[Data excerpt]
▬▬▬▬▬▬

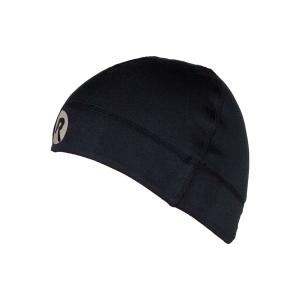 Mütze Rogelli Lester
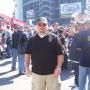 Randy Sheets Photo 21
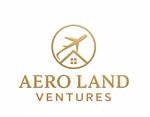 Aero Land Ventures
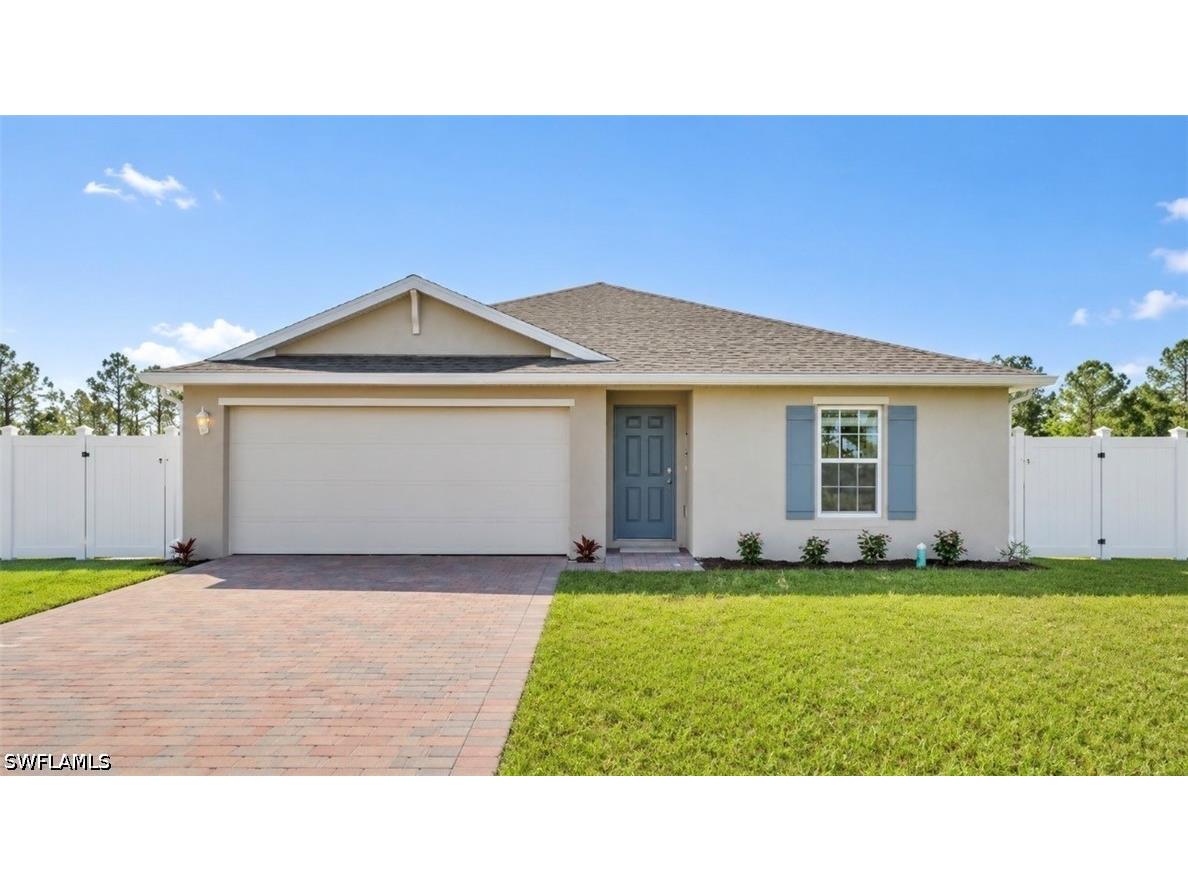 8030 Olive Circle Labelle FL 33935 226022451 image1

▬▬▬▬▬▬

[What you are asked to do]
Restate the data word for word while omitting each picture.

[Answer space]
 Mütze Rogelli Lester
 Randy Sheets Photo 21
 Aero Land Ventures
 8030 Olive Circle Labelle FL 33935 226022451 image1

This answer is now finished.